All electronic imaging products must achieve and maintain a level of picture quality which is acceptable to the user. One important aspect of picture quality is the signal-to-noise ratio (SNR) which is a measure of video signal amplitude versus any unwanted noise signal amplitude. The human vision system is sensitive to most electronic noise which can be introduced into the video signal. This noise most often has a repetitive nature which is sometimes synchronized with the video information being displayed and at other times can be non-synchronous which causes it to move or roll with respect to the video. Therefore, a large SNR of 40 dB or greater is normally required for electronic imaging products.
One source of electronic noise is the power supply which provides the appropriate voltage levels required by the electronic components. The generation of multiple, different voltage levels from one common input voltage has been accomplished in numerous ways including switching transformer DC to DC converters. The draw back of these standard solutions is the unacceptable voltage ripple on the output voltage levels which are synchronized to the switching frequency that has been selected to optimize the voltage conversion. This switching frequency is usually an independently generated clocking signal which controls the power conversion operation and typically ranges from 100 Khz to 500 Khz. Since this switching frequency source is independent it will tend to beat with any other independent clocking frequency operating in the circuitry. The residual noise component due to the power converter clocking frequency can also be riding on top of the output voltages generated by such a power converter. In the prior art, additional filter components are added to reduce the remaining switching noise on the output voltage levels. These methods do help reduce the noise affects, but in video electronics it is almost impossible to eliminate this noise completely using additional filter components. This is due to many aspects such as human vision integrating the video information on a display which can distinguish very low levels of rolling, fixed pattern noise. Video electronics must maintain good signal to noise ratio and dynamic range to provide an optimum imaging system. This usually requires a large signal gain for low light conditions which tends to also magnify the noise sources present such as power supply ripple.
One prior art switching transformer DC to DC converter uses a single ended, switching regulator controller to form a flyback switching transfer circuit. This circuit is synchronized to the horizontal line rate and uses pulse width modulation to control the amount of time that current is conducted through the primary winding of a transformer. Output pulse modulation is accomplished by comparison of the positive saw tooth waveform to either of two control signals at the error amplifier inputs. This allows the error amplifiers a means to adjust the output pulse width from a maximum percent on-time down to zero percent. Modulation of the output pulse width controls the amount of current passing through the transformer's primary which determines the transformer's internal magnetic flux intensity and therefore controls the amplitude of the transformer's output voltage on its secondary windings.
The drawback of this approach is that it relies upon pulse width modulation of the primary current to control the transformer's output. This allows for on to off primary current transitions to occur during the active video display time and any resulting supply ripple can be amplified and show up as noise on the video display. This on to off transition point may also vary with respect to time as the pulse width is varied to compensate for a changing load requirement on the transformer's secondary. This could result in a moving, fixed pattern noise component on the video which is easily discernible to the observer.

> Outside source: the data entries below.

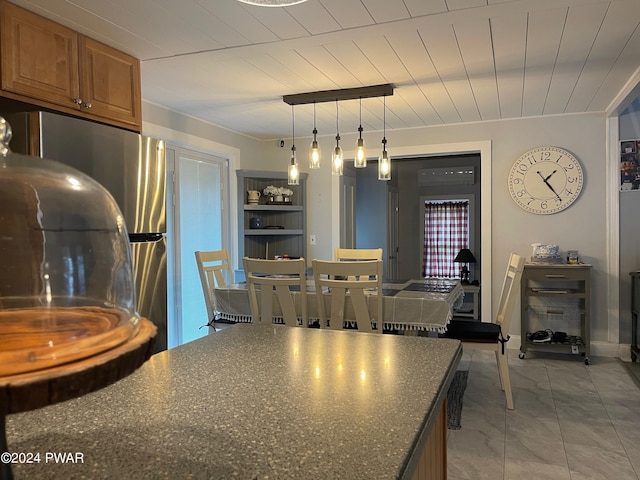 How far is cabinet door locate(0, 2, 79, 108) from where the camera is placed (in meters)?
1.97

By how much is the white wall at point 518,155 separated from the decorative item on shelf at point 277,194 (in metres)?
0.37

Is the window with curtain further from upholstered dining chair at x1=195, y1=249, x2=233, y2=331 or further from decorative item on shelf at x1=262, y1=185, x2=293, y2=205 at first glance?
upholstered dining chair at x1=195, y1=249, x2=233, y2=331

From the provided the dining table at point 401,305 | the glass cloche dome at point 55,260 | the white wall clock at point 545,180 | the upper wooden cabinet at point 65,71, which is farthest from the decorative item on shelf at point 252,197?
the glass cloche dome at point 55,260

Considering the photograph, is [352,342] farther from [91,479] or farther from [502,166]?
[502,166]

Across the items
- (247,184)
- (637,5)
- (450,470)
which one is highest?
(637,5)

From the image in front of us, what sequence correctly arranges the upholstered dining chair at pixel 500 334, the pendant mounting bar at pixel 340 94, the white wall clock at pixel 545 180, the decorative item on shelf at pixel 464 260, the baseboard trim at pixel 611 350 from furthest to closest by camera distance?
the decorative item on shelf at pixel 464 260
the white wall clock at pixel 545 180
the baseboard trim at pixel 611 350
the pendant mounting bar at pixel 340 94
the upholstered dining chair at pixel 500 334

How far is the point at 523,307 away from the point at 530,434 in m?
1.80

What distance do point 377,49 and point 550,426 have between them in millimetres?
2433

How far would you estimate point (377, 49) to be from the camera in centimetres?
265

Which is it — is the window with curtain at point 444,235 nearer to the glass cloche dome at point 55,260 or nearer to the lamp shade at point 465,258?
the lamp shade at point 465,258

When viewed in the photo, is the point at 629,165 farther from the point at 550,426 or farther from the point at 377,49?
the point at 377,49

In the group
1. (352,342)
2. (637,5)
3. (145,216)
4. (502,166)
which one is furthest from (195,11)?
(502,166)

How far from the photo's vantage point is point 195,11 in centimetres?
213

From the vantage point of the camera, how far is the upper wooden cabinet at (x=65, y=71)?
1.99 metres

Another drawback of the above described circuit is the unsymmetric nature of the flyback transformer configuration. This is because the primary winding actually conducts current in only one portion of the duty cycle of the pulse width modulated control signal. The remaining portion of the duty cycle that does not conduct current through the primary and control switch must rely upon the energy stored within the primary inductance to provide enough flux linkage to maintain the proper secondary voltage levels. This tends to lead to an unsymmetrical secondary voltage modulation that can vary in duration depending on the pulse width modulation of the control signal.